Here some tips on how to improve User experience

#1 Run browsershots on your start page and make sure that the screens look similar

Go to http://browsershots.org/ and knock in your homepage URL. Wait a couple of minutes until you get some results back and compare the different screens. Make sure they look at least similar on different browsers.
Note: If you use any JavaScript or plugins (e.g. Silverlight or Flash), Browsershots won't help you much, because it is not executing client side stuff.

Sample page on browsershots
Figure: Screenshots of sample page on different browsers and operating system combinations from browsershots

 

#2 Install and test your site on at least the top 4 browsers (more if you have time)

Look at Google Analytics (that you have added on your site since you have followed these performance tips) and make sure to test your site with the major browsers

Google Analytics: Go to "Visitors" | "Browser Capabilities" | "Browsers" to find out your users browsers
Figure: Google Analytics: Go to "Visitors" | "Browser Capabilities" | "Browsers" to find out your users browsers

Test at least with

  1. Internet Explorer (Microsoft provides some Virtual PC VHDs for testing different versions of IE)
  2. Firefox
  3. Chrome
  4. Safari

 

#3 Check your content: HTML page titles

You should really care about content and Search Engine Optimization (SEO) these days, so make sure to have nice page titles

 

#4 Check your content: HTML description

The description tag content is the one that shows up in the search results in the major search engines.

image
Figure: Google shows the HTML meta description in the search result

 

<meta content='My blog with my daily problems and solutions about .NET, C#, Visual Studio, Clean Code Development, Testing and Performance.' name='description'/>

Figure: Meta tag for my blog

Make sure to include a nice meta description for all your pages!

 

#5 Have a nice "About Us" and "Contact Us" page

Make sure to include all info about you and make sure that these pages are easy to find. We want people easily get in contact with us. We have nothing to hide!
This is a good candidate for some usability hallway testing.

 

#6 Have a usable error page

It's important for users to recover quickly when things doesn't turn out the way we intend to. It's also a good way to show that you care about your product and service. When exception occurs, pick them up, explain what just happened and offer some direction. This can be your homepage, an index, or a starting point of a critical path.
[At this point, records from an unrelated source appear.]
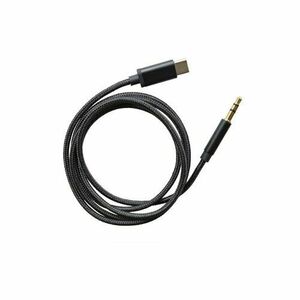 mobilNET audio kábel USB-C - 3.5 mm jack, čierny vyobraziť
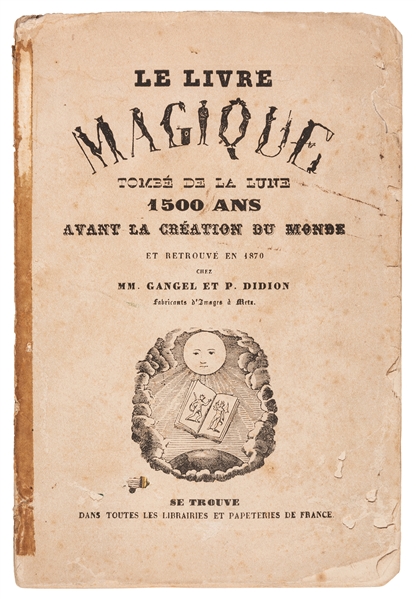 Le Livre Magique. Tombé De La Lune.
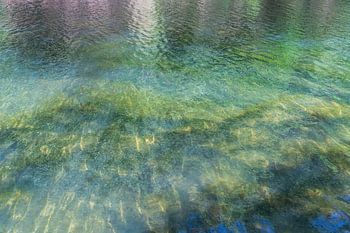 Blue-green summer dream by the lake 2
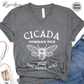 The Cicadas Comeback Tour 2025 V-Neck Tee Shirt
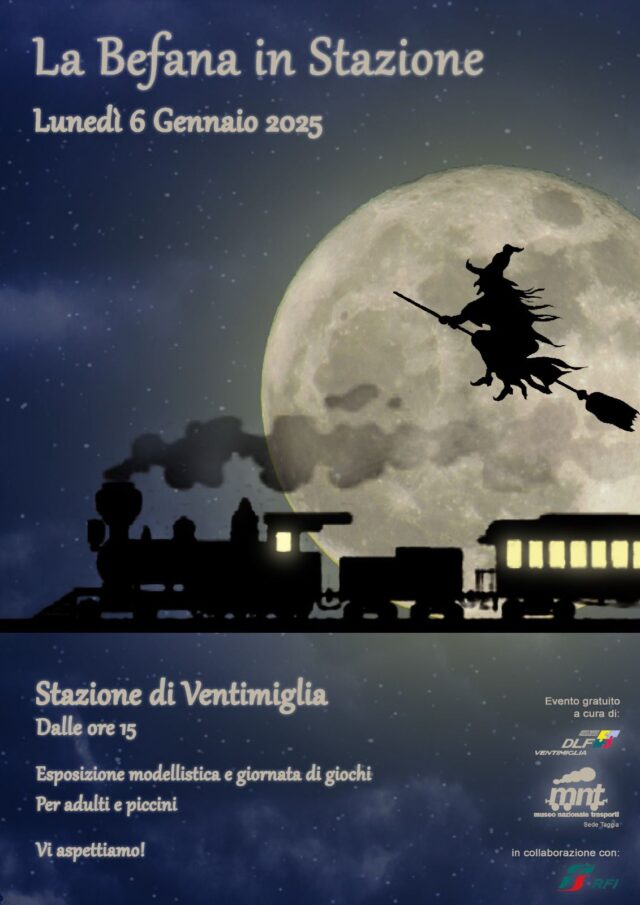 La Befana del 2025 nella Stazione Internazionale di Ventimiglia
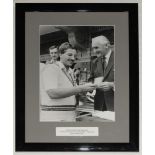 Ian Botham. Somerset C.C.C. Five framed and glazed photographs and prints from Botham’s personal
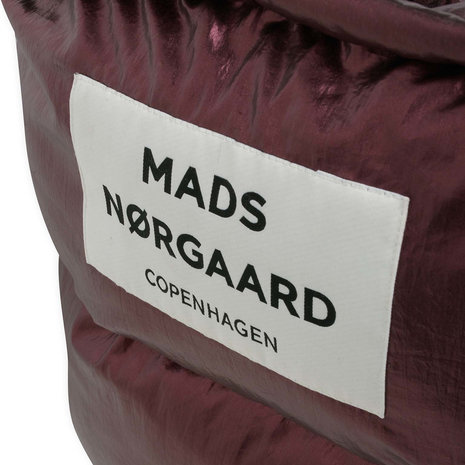 Mads Norgaard Crinkled Metal Pillow Bag Mettalic Winetasting details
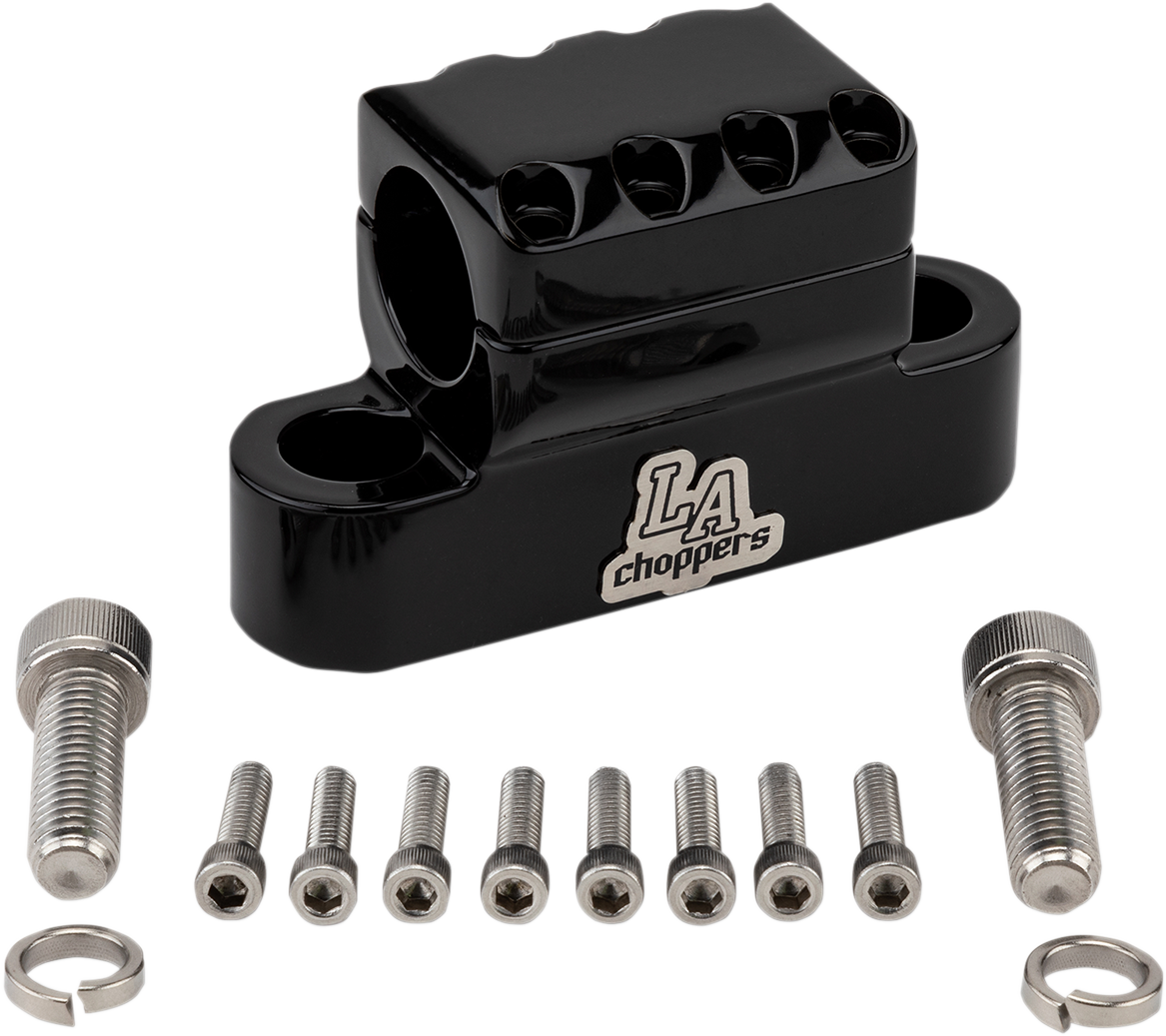 LA CHOPPERS Kage Fighter Handlebar Clamp - Black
Some developers/designers may want to get creative. Showing the human side of your product and/or service is a nice relieve and a great palate-cleanser. However, it is important that the design fit the purpose and not used as a playground.

These links discuss 404-page but the principle is applicable for any type of error page:
http://www.uxbooth.com/blog/5-tips-to-make-your-404-page-more-usable/
http://www.alistapart.com/articles/perfect404/

 

 

You still have more time before you go live?

 

#7 Is your HTML and CSS valid?

Validate and check your HTML and CSS with W3C validator.
http://validator.w3.org/

Even better, you should write a test that does this automatically on each check in, by following Damian Edwards blog post about "Adding HTML validity checking to your ASP.NET web site via unit tests"

 

#8 ASP.NET MVC only: Do you know the internals of your MVC app?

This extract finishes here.